Tibet : Pékin et l’appréhension du 10 mars

Rédigé par Olivier Guillard, le 07/03/2025
Une semaine après le début du nouvel an tibétain (Losar, du 28 février au 10 mars), et à quelques jours du 66e anniversaire du soulèvement tibétain du 10 mars 1959, le géopolitologue Olivier Guillard évoque la crispation qui gagne chaque année en intensité à l’approche de cette date, entre Pékin et la communauté tibétaine. Il relève aussi les déclarations ces derniers jours du nouveau chef de la diplomatie américaine, le Secrétaire d’Etat Marc Rubio, et du Haut-Commissaire des Nations unies pour les droits de l’homme V. Türk, insistant sur la situation de la région autonome du Tibet.
Voilà une semaine que la célébration du nouvel an tibétain (Losar, 28 février au 14 mars) a débuté pour la communauté tibétaine, pour les régions historiques du Pays des neiges comme pour la diaspora ventilée aux quatre coins du monde, avec une ferveur et une gaieté surprenantes.
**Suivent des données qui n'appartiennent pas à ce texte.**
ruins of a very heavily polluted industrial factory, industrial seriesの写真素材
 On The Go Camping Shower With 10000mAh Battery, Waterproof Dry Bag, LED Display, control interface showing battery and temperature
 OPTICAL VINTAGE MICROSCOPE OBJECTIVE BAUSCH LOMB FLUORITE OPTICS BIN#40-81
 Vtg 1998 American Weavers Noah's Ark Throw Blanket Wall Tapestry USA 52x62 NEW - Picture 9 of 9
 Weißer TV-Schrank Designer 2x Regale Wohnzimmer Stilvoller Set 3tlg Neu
En ce 7 mars, dans la capitale chinoise (où ont débuté, mardi 4 mars, les deux sessions annuelles de l’Assemblée populaire nationale), les dispositions des autorités centrales à l’égard de cet événement annuel tibétain sont, ainsi qu’on l’imagine, beaucoup moins favorables.
Ce jeudi 6 mars, les délégués de la région autonome du Tibet (triés sur le volet par le Parti communiste chinois avant leur élection), participant aux « deux sessions » à Pékin, ont fait l’éloge du régime chinois et salué la « sinisation » du bouddhisme tibétain (TibetanReview, 6 mars 2025), rappelant au passage leur détermination à maintenir une « forte pression » sur les « séparatistes » (tibétains) tandis que la « stabilité » nous dit-on « s’améliore » (mais à quel prix humain ?).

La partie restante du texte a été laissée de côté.